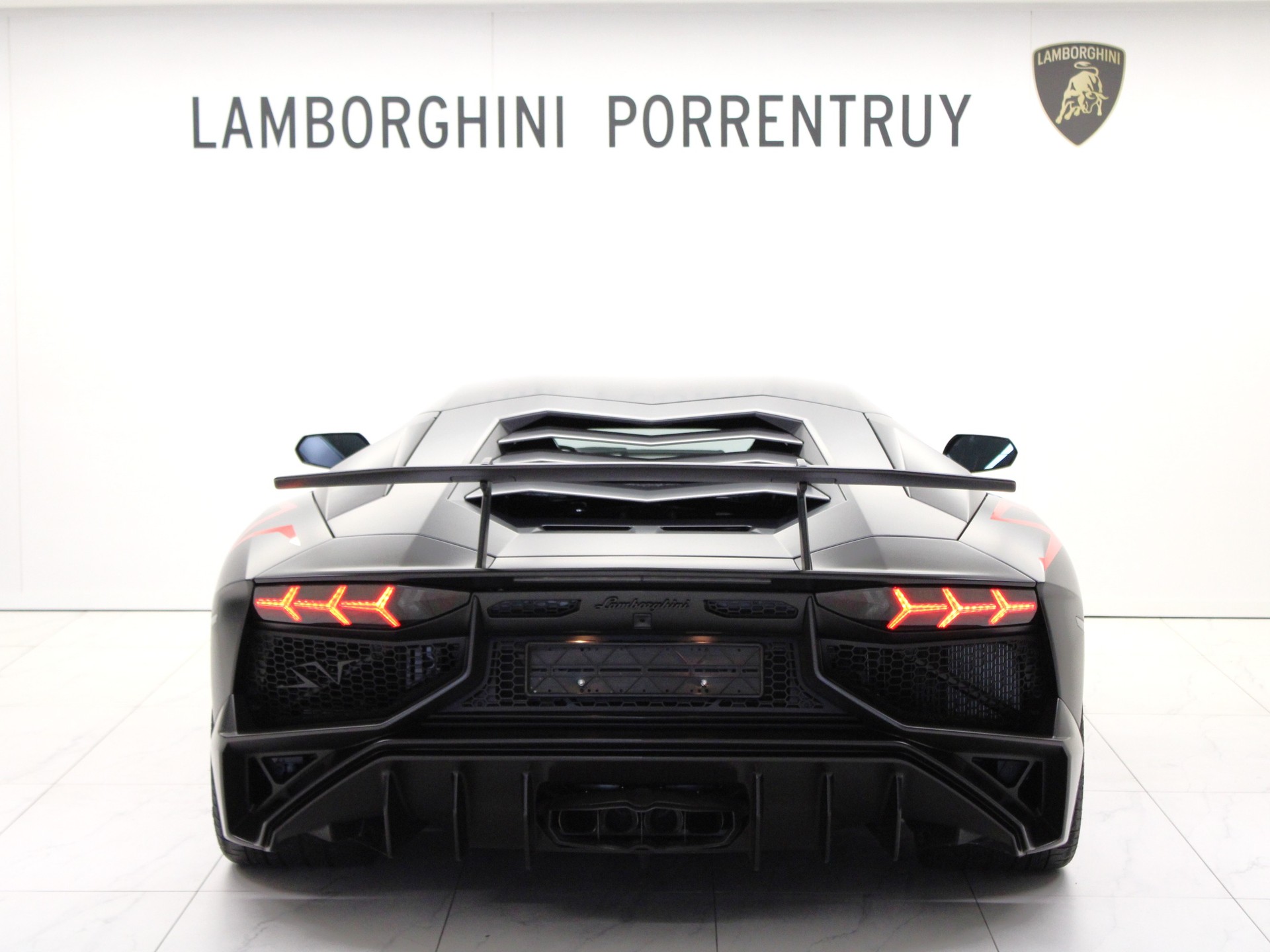LAMBORGHINI Aventador LP750-4 Superveloce Coupé E-Gear-image-3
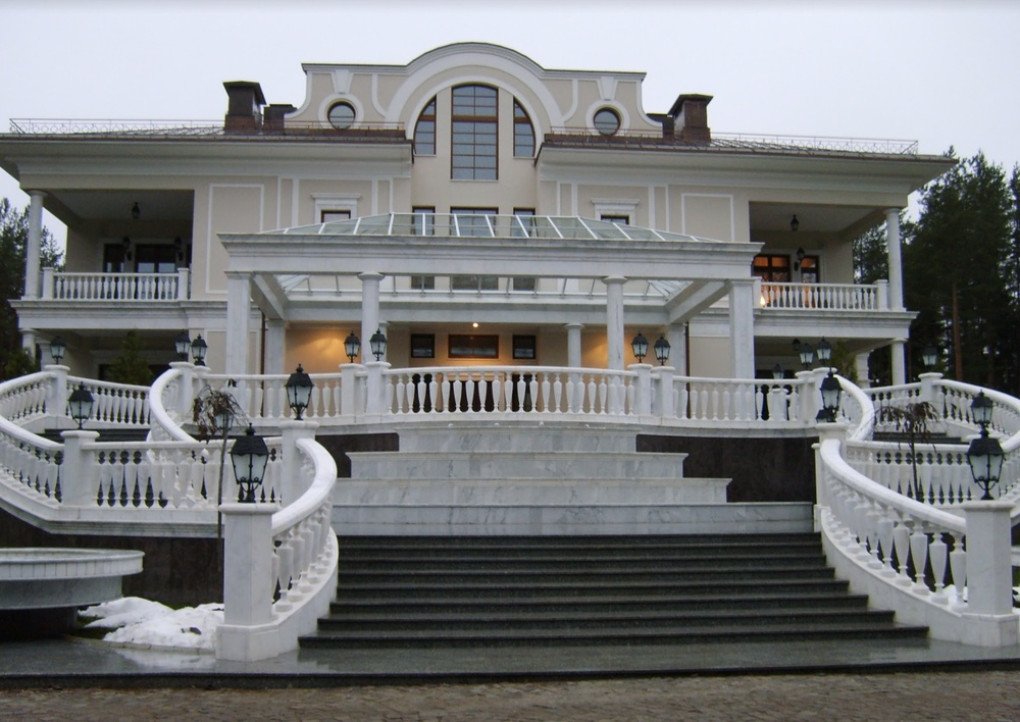 The four-story main palace of approximately 3,500 square meters in Russia’s Valdai region, reportedly linked to Vladimir Putin’s private residence complex (Source: FBK) The four-story main palace of approximately 3,500 square meters in Russia’s Valdai region, reportedly linked to Vladimir Putin’s private residence complex (Source: FBK)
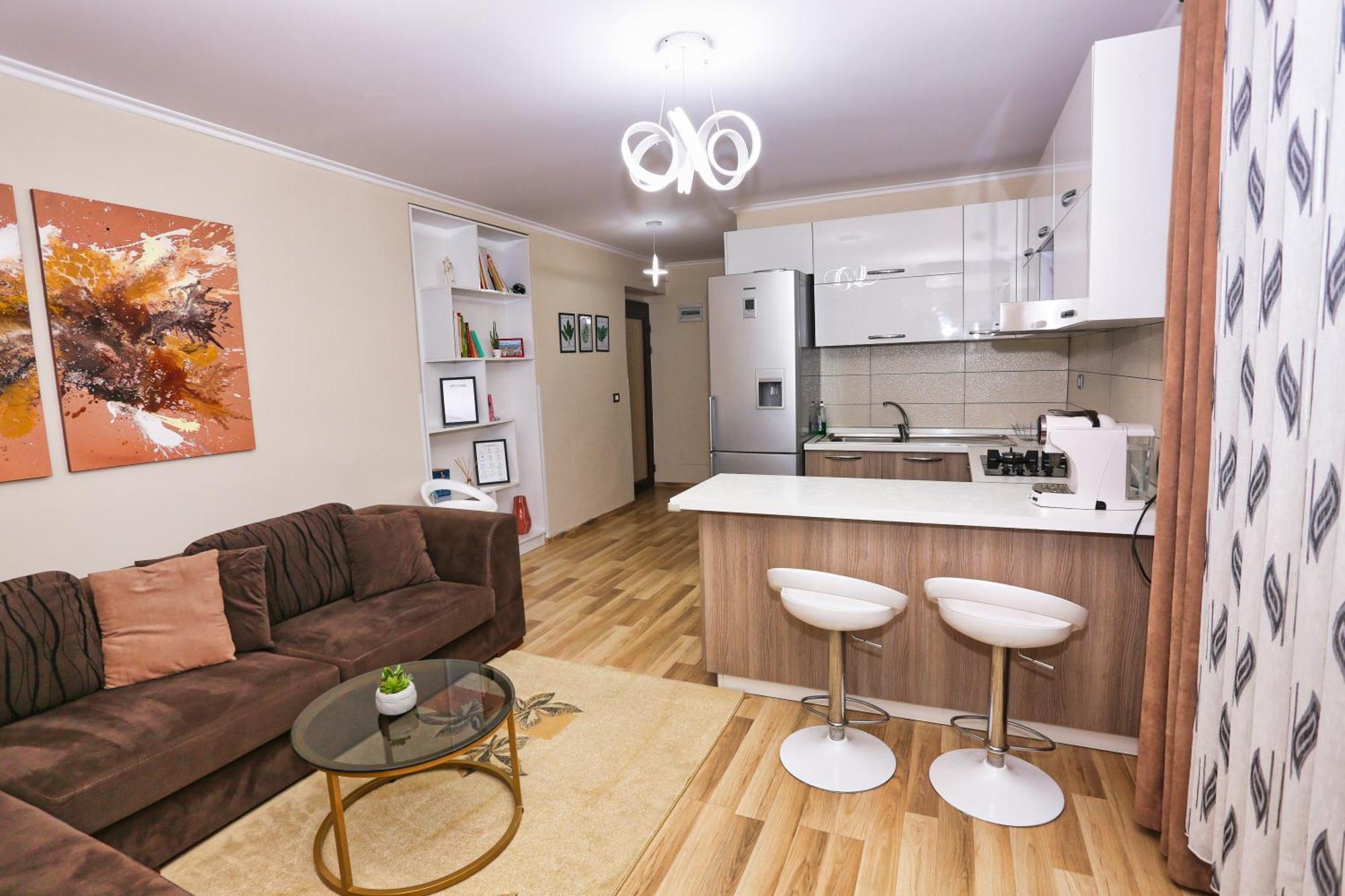 R&B City Center Apartment Tirana Exterior photo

_ _ _

TASK DETAILS >>
The images are to be left out; every line above should be set down exactly.

ANSWER AREA >>
LAMBORGHINI Aventador LP750-4 Superveloce Coupé E-Gear-image-3
 The four-story main palace of approximately 3,500 square meters in Russia’s Valdai region, reportedly linked to Vladimir Putin’s private residence complex (Source: FBK) The four-story main palace of approximately 3,500 square meters in Russia’s Valdai region, reportedly linked to Vladimir Putin’s private residence complex (Source: FBK)
 R&B City Center Apartment Tirana Exterior photo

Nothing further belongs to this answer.